Skip the pictures. Repeat everything else in the records word for word.
○ ○ ○
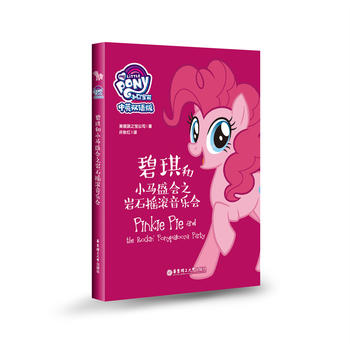 С�R����.������С�Rʢ��֮�rʯ�u�L����������Ӣ�p�Z�棩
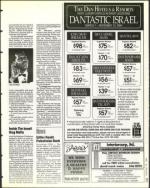 image of February 25, 1994 - number 71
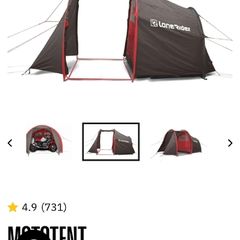camping tent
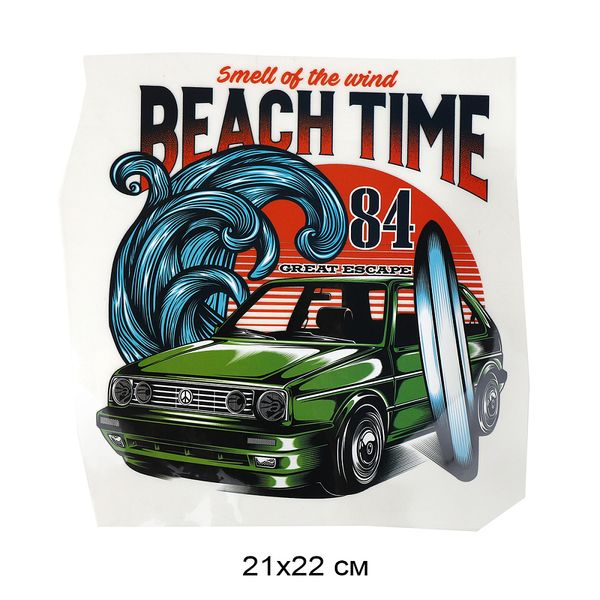 Термотрансфер арт.1343 Beach Time 21х22см, уп.10 шт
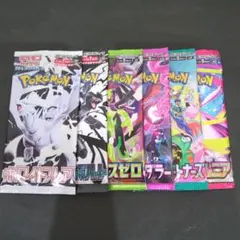 ポケモンカード　バラ　パック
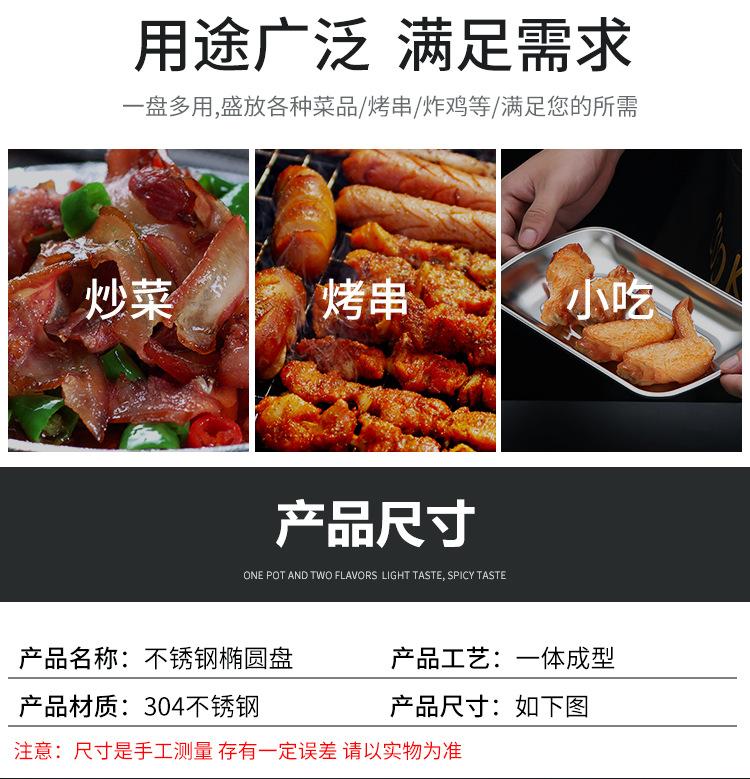 详情_09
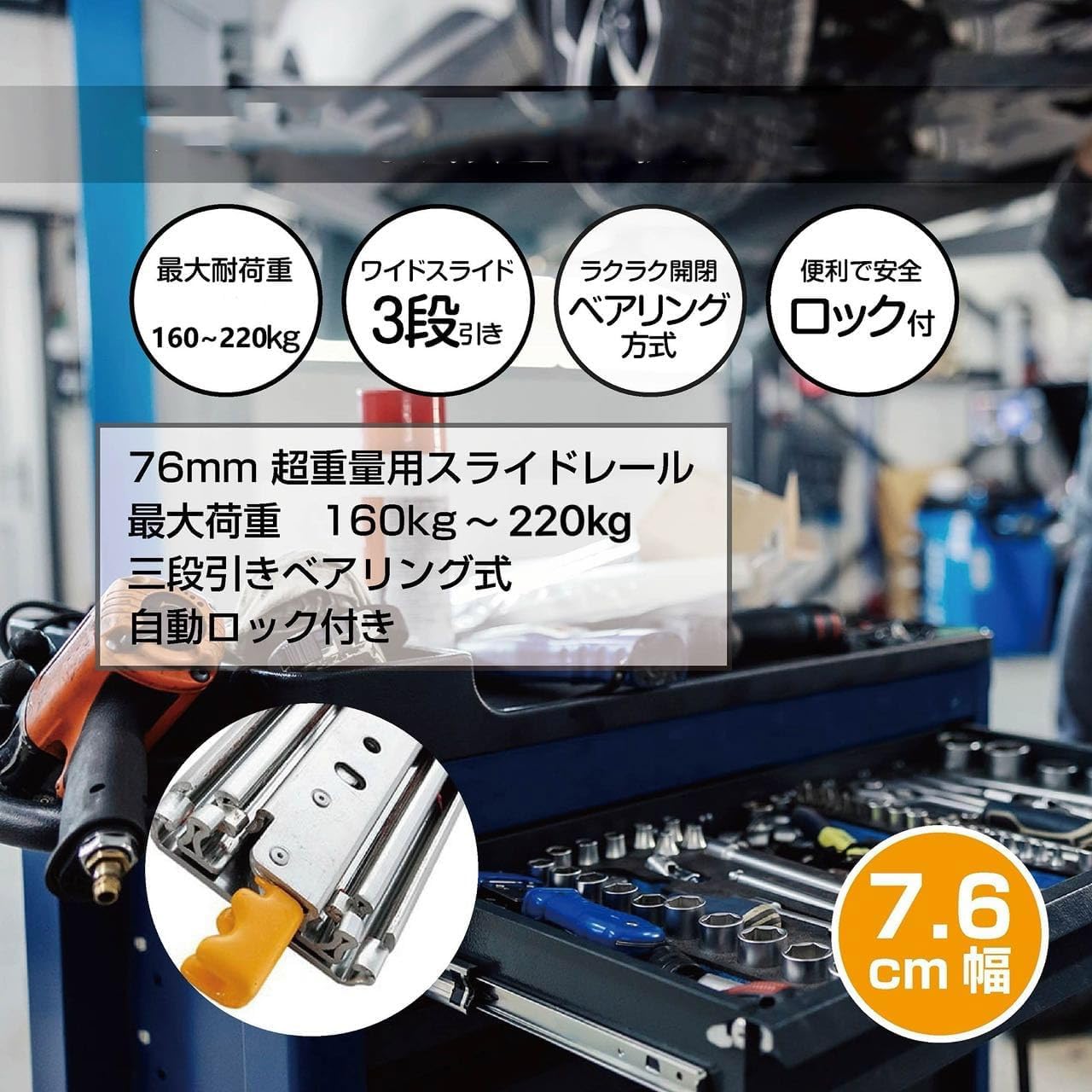 Amazon.co.jp: ドレール 車引き出し用 左右1セット DIY スライドレール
○ ○ ○
◆ RESULT
 С�R����.������С�Rʢ��֮�rʯ�u�L����������Ӣ�p�Z�棩
 image of February 25, 1994 - number 71
camping tent
 Термотрансфер арт.1343 Beach Time 21х22см, уп.10 шт
 ポケモンカード　バラ　パック
 详情_09
 Amazon.co.jp: ドレール 車引き出し用 左右1セット DIY スライドレール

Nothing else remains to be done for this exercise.